- _Aim of the exercise_
Repeat only the stretch of lines below that runs from the line with "Text about a" through the line with "Husa premium Samsung", unaltered.

____ Data under study

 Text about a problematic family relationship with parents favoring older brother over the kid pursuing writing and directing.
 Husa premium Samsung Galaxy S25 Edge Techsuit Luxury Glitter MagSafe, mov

________
____ Data under study

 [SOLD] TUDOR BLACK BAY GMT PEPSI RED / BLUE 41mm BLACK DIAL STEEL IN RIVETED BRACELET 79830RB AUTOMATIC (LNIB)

________

- _Reply to the exercise_
 Text about a problematic family relationship with parents favoring older brother over the kid pursuing writing and directing.
 Husa premium Samsung Galaxy S25 Edge Techsuit Luxury Glitter MagSafe, mov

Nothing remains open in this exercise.